Segment Open

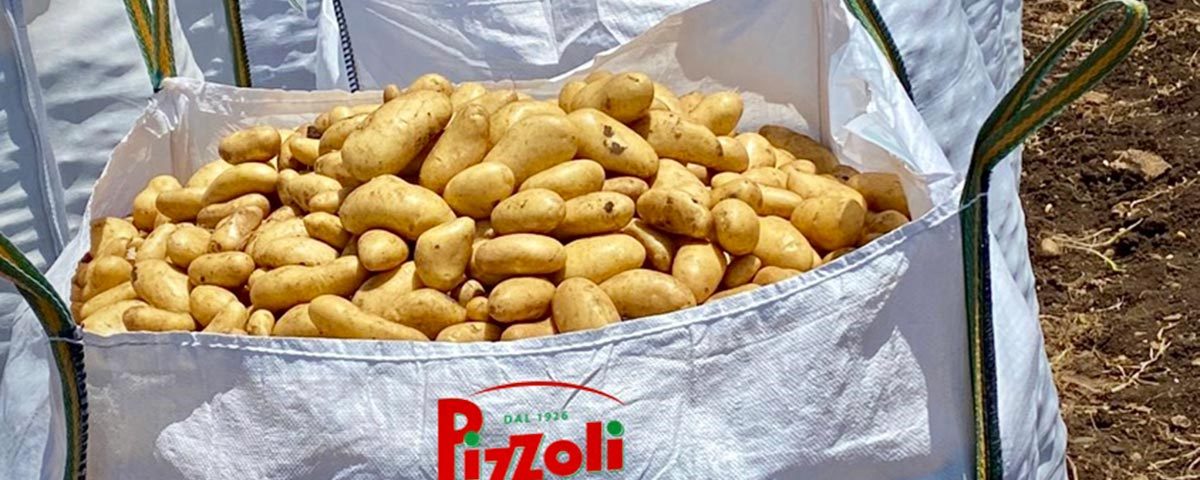 Pizzoli-patate-novelle-Soprano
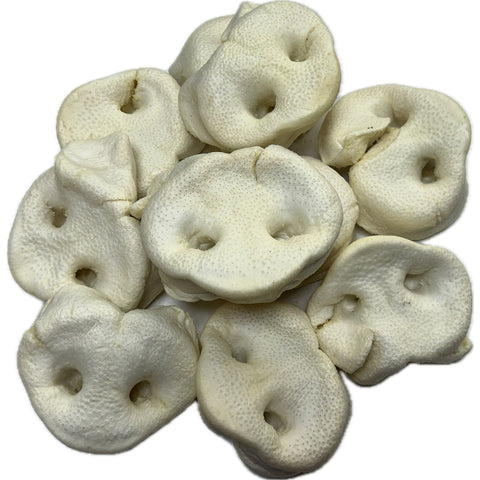 Pork Pig WHITE Snouts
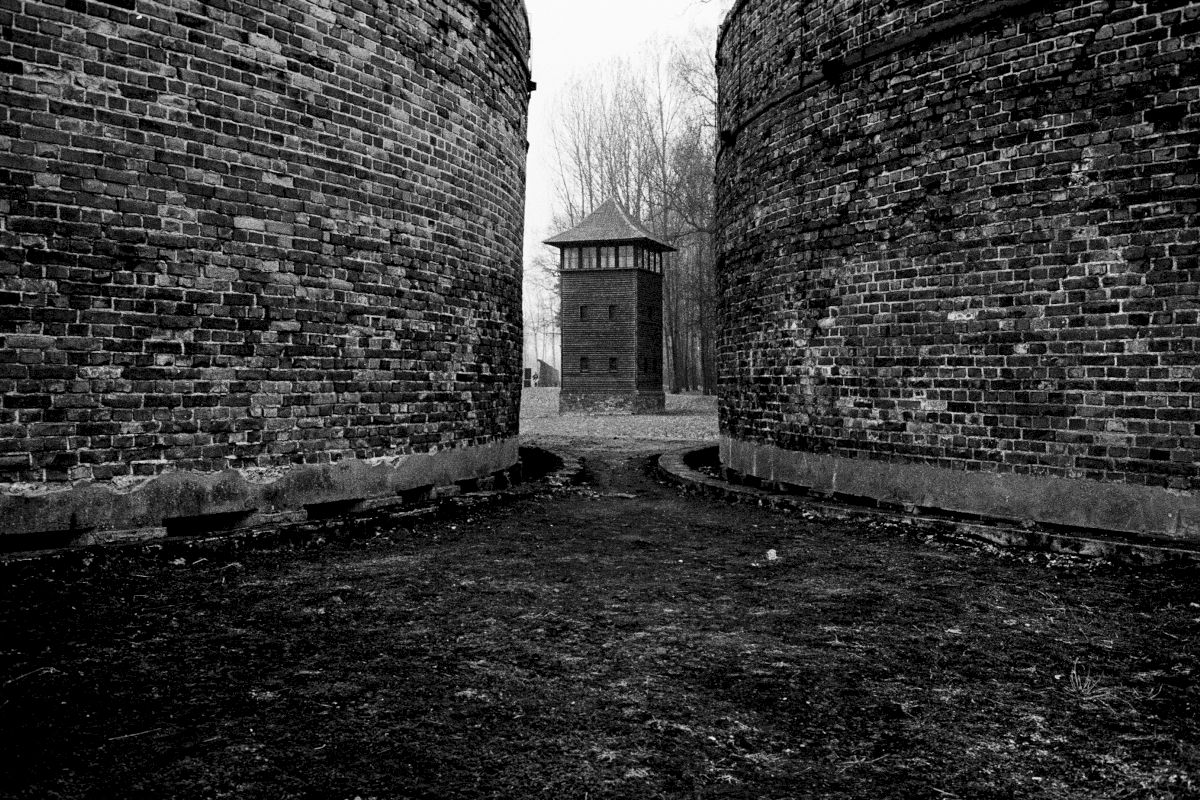 Large brick constructions in the western part of camp Birkenau belonged once to the sewage plants.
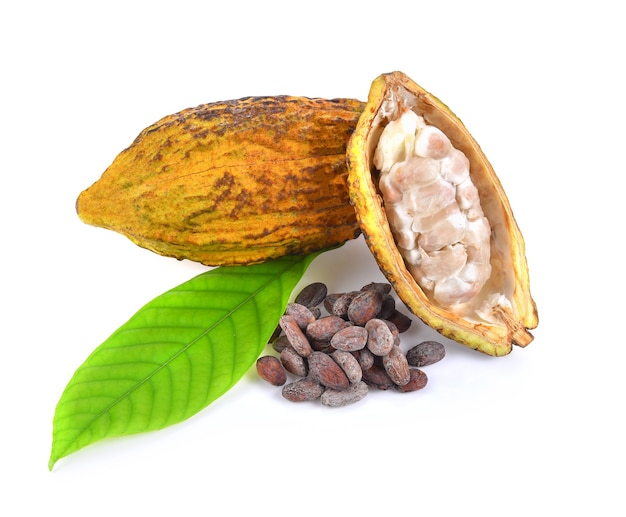 Cocoa fruits isolated on white background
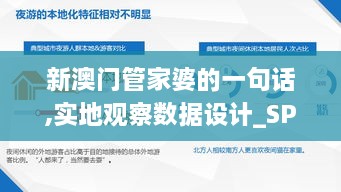 新澳门管家婆的一句话,实地观察数据设计_SPG8.11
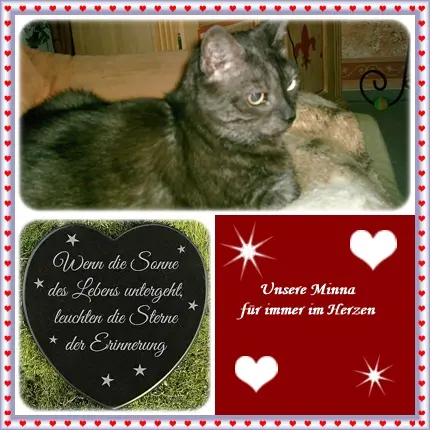 Condolence image of deine Ilse zum 207. Monatsgedenken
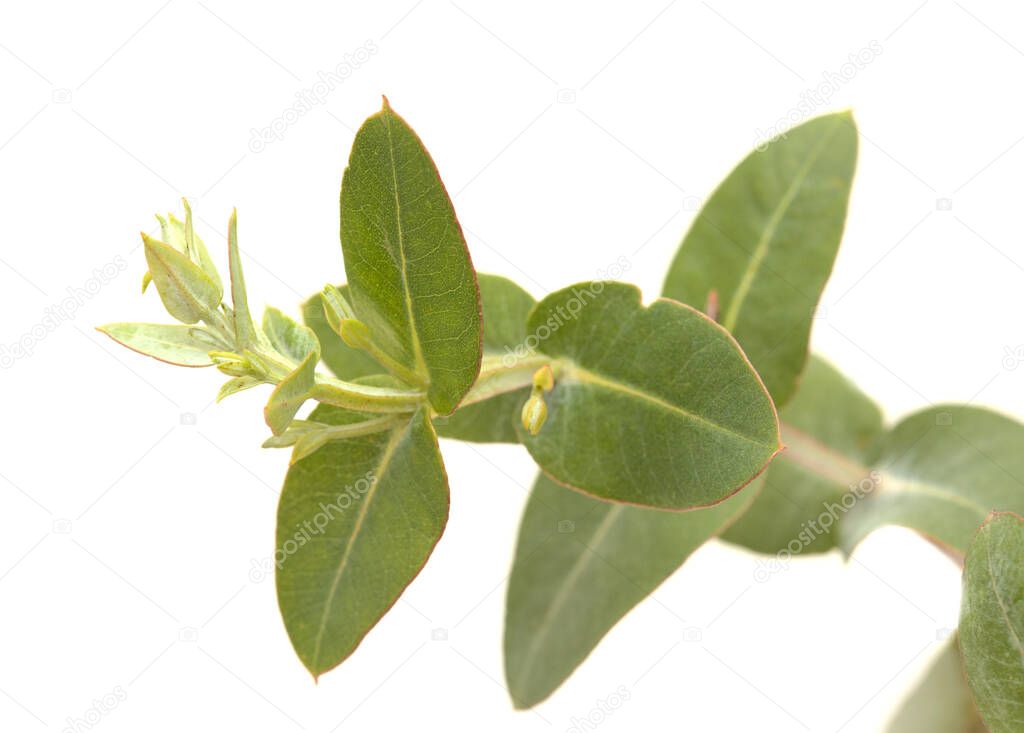 Flora of Gran Canaria -  Eucalyptus camaldulensis, introduced species, glaucous young shoots isolated
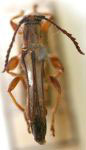 Odontocera armipes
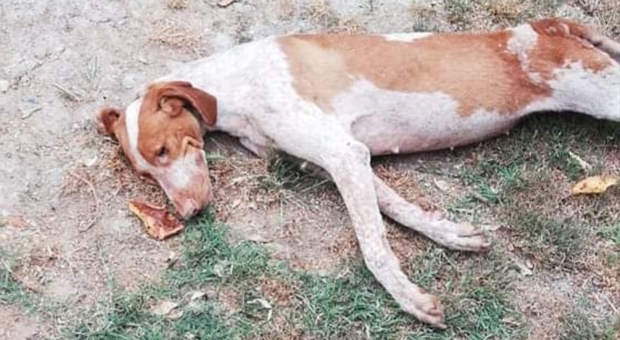 Abbandonata da quattro famiglie, Fragolina muore di dolore: la cagnolina commuove il web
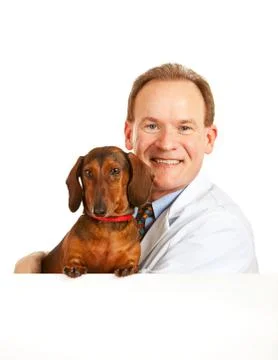 Veterinarian: Stock Photos
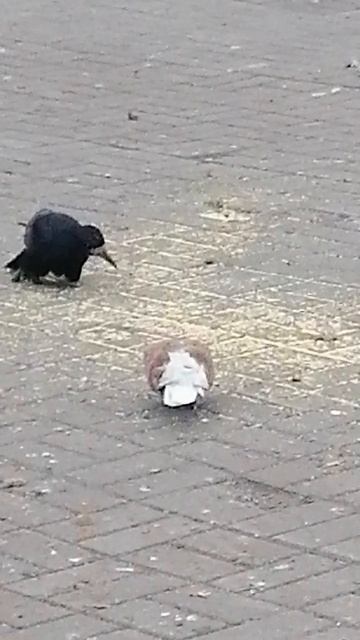 VID_20251015_070512.mp4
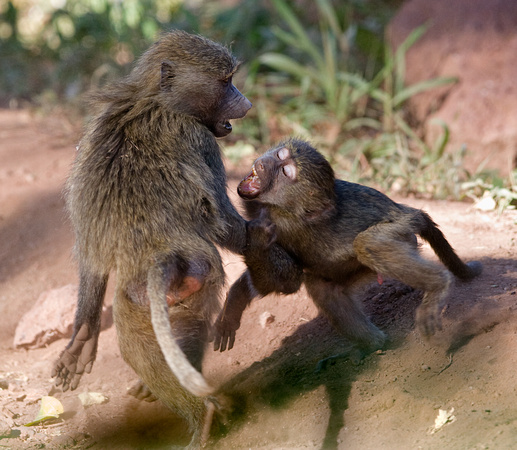 Young Olive Baboons fighting at Lake Manyara National Park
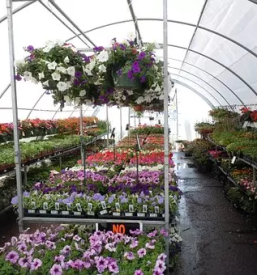 Vrtni center stajerska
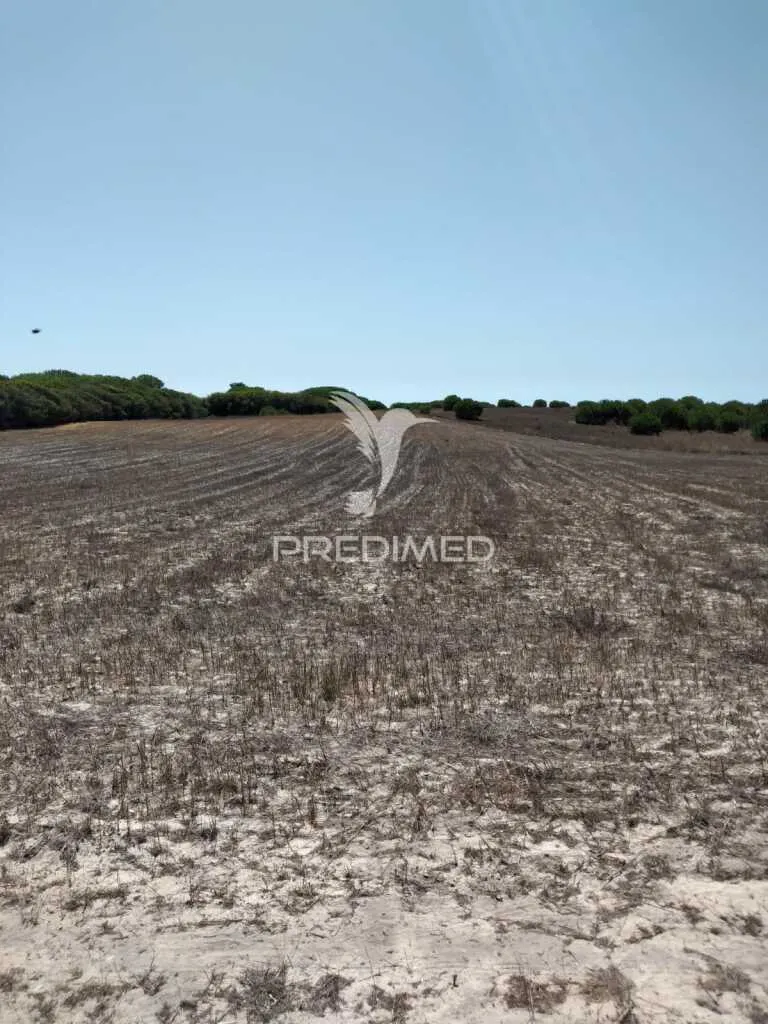 Rustic Plot with Sea Access in Porto Côvo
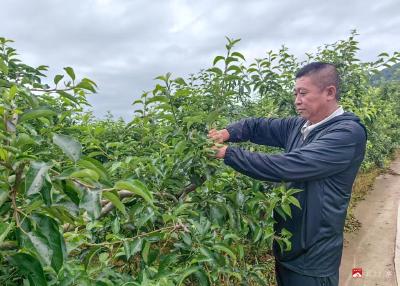 铭记历史 缅怀先烈丨烽起“磐石”传薪火——东北抗联创建地的振兴新篇
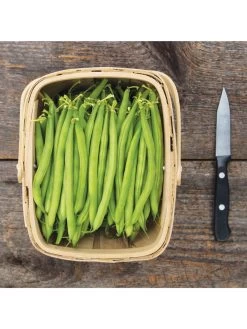 Antigua Bush Bean Organic Seeds -Plant Care Shop 8610262 antigua bean 8 15 18 05v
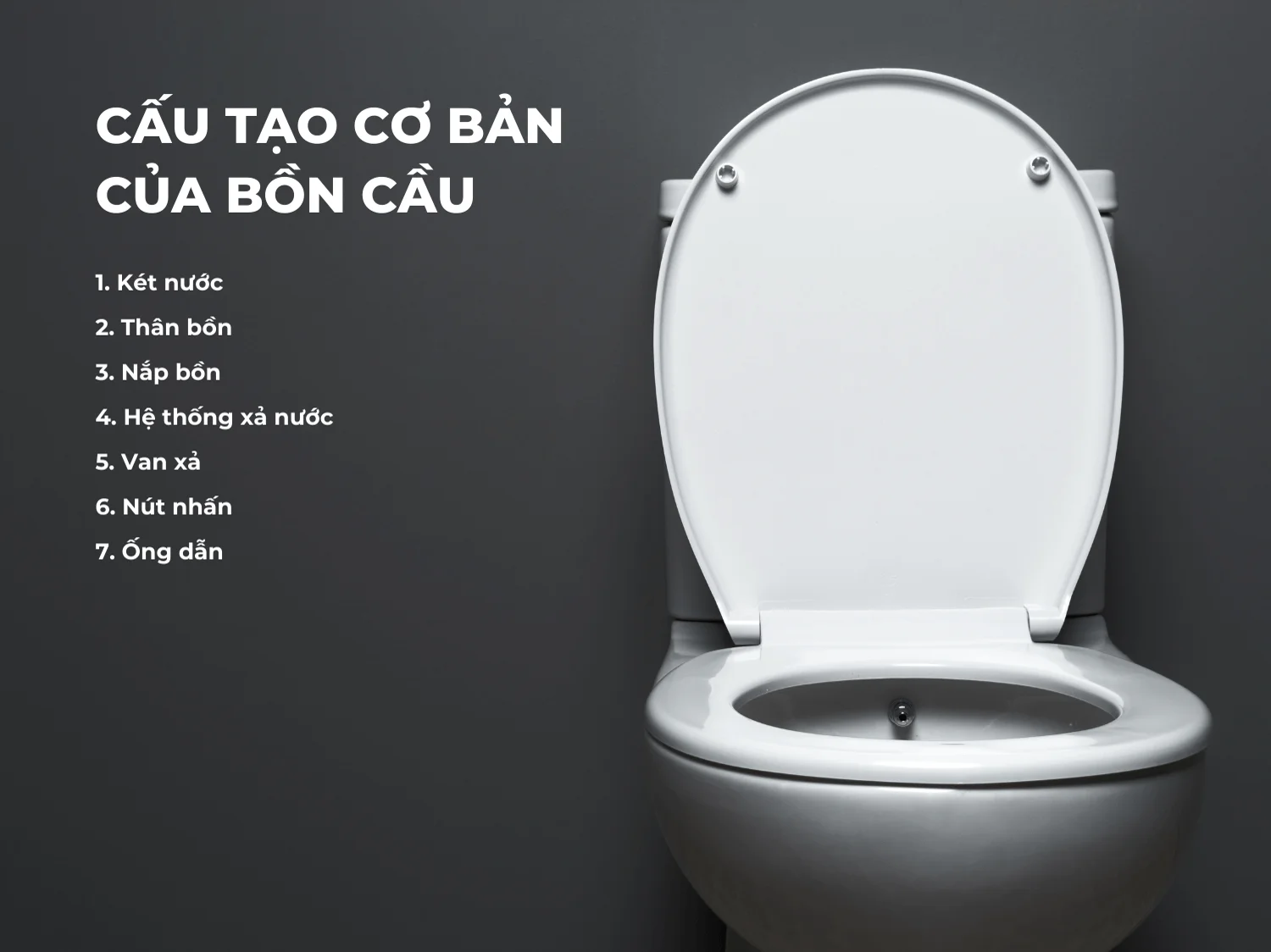 Cấu tạo cơ bản của bồn cầu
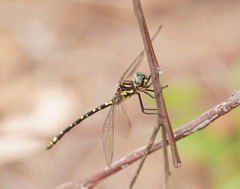 Eusynthemis virgula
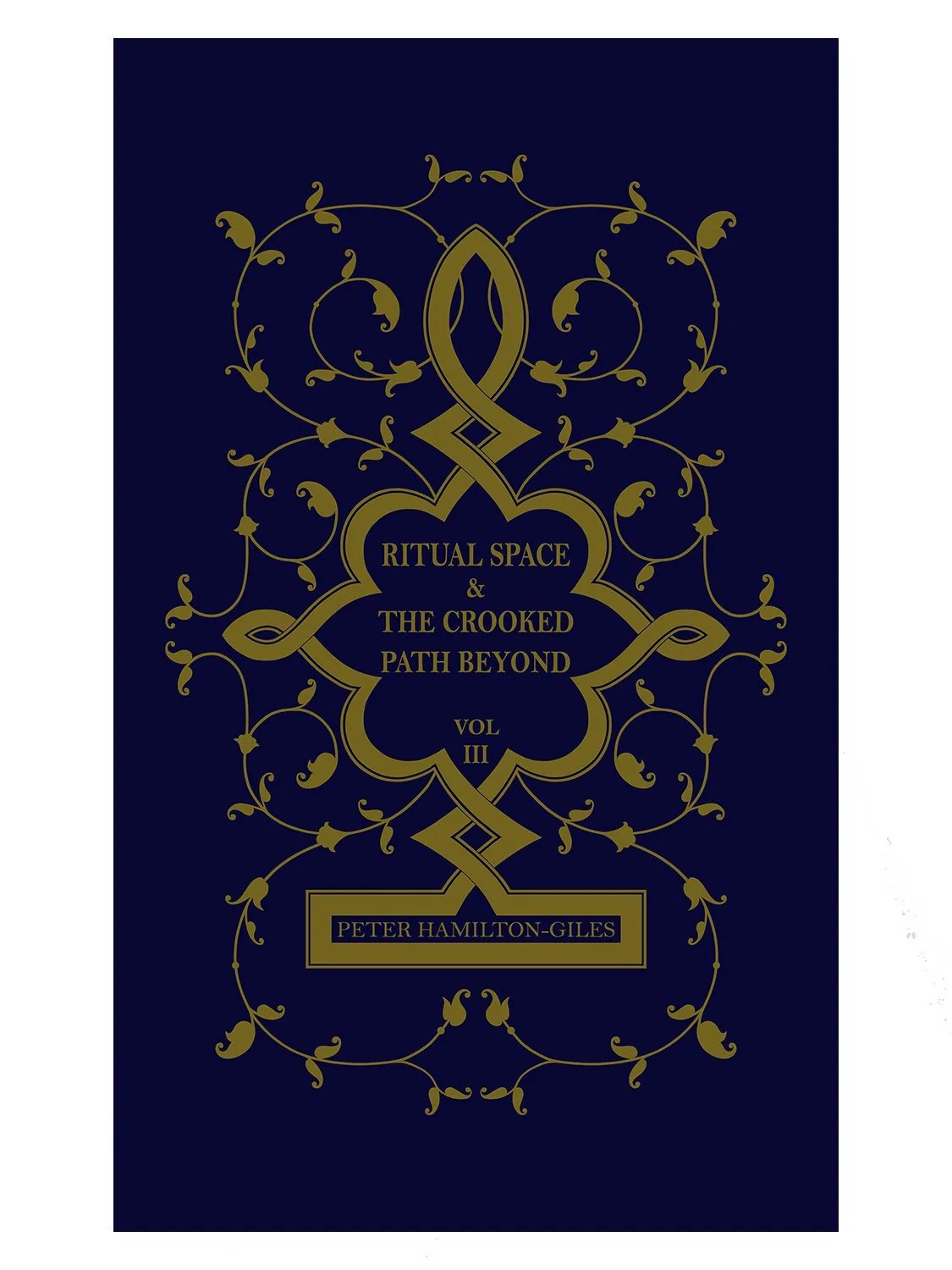 RS 3 Special Standard.jpg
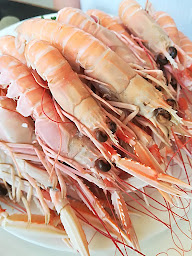 Photo n°142 de Le Vivier à Quiberon ()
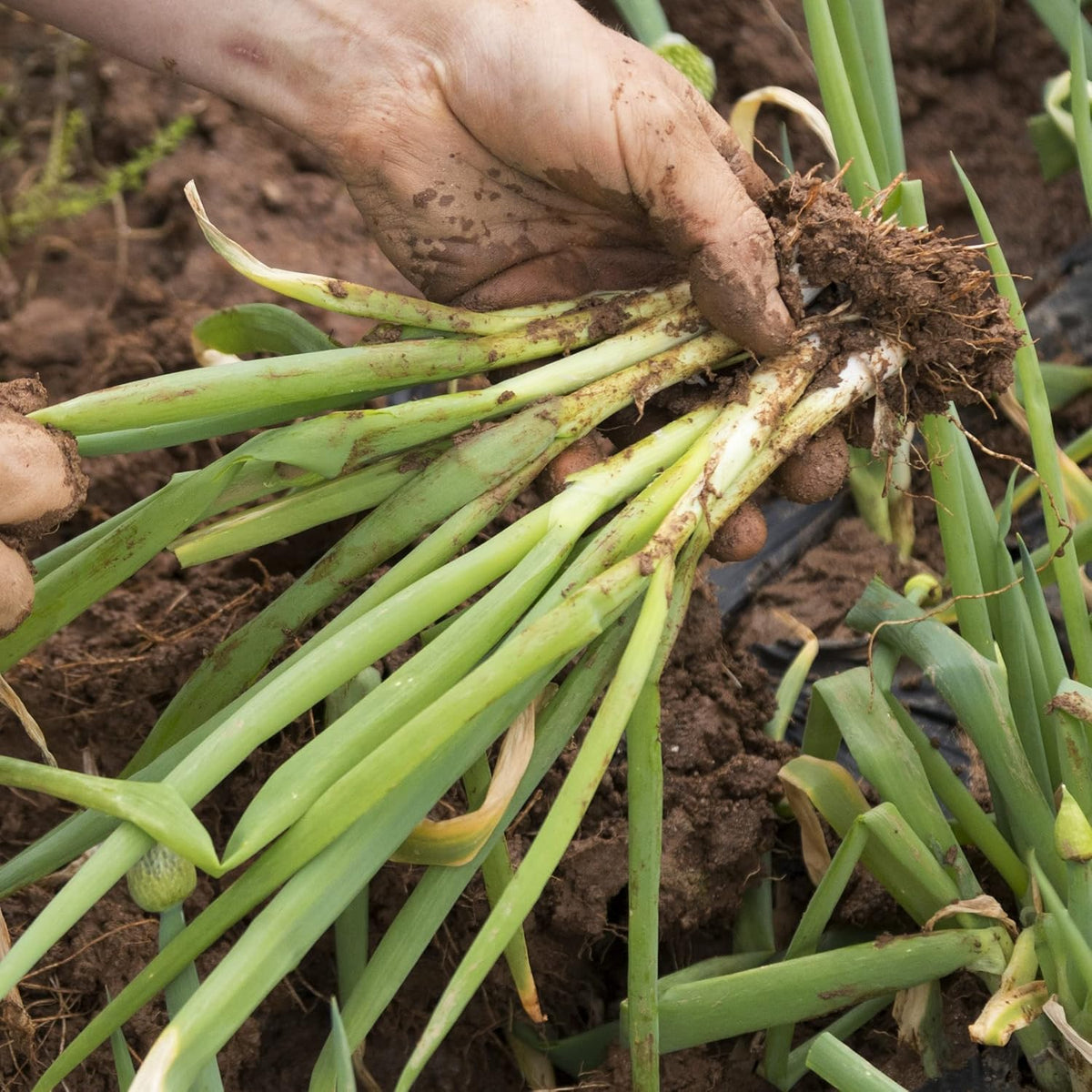 Organic Onion Seeds (Bunching Evergreen) - Approx 200 Seeds - USDA Organic, Non-GMO, Open Pollinated, Heirloom, USA Origin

Segment Closed

YOUR OBJECTIVE :: Only the text of the listing above is copied, exactly as written; its pictures are dropped.

FINAL ANSWER ::
 Pizzoli-patate-novelle-Soprano
 Pork Pig WHITE Snouts
 Large brick constructions in the western part of camp Birkenau belonged once to the sewage plants.
 Cocoa fruits isolated on white background
 新澳门管家婆的一句话,实地观察数据设计_SPG8.11
 Condolence image of deine Ilse zum 207. Monatsgedenken
 Flora of Gran Canaria -  Eucalyptus camaldulensis, introduced species, glaucous young shoots isolated
 Odontocera armipes
 Abbandonata da quattro famiglie, Fragolina muore di dolore: la cagnolina commuove il web
 Veterinarian: Stock Photos
 VID_20251015_070512.mp4
 Young Olive Baboons fighting at Lake Manyara National Park
 Vrtni center stajerska
 Rustic Plot with Sea Access in Porto Côvo
 铭记历史 缅怀先烈丨烽起“磐石”传薪火——东北抗联创建地的振兴新篇
 Antigua Bush Bean Organic Seeds -Plant Care Shop 8610262 antigua bean 8 15 18 05v
 Cấu tạo cơ bản của bồn cầu
 Eusynthemis virgula
 RS 3 Special Standard.jpg
 Photo n°142 de Le Vivier à Quiberon ()
 Organic Onion Seeds (Bunching Evergreen) - Approx 200 Seeds - USDA Organic, Non-GMO, Open Pollinated, Heirloom, USA Origin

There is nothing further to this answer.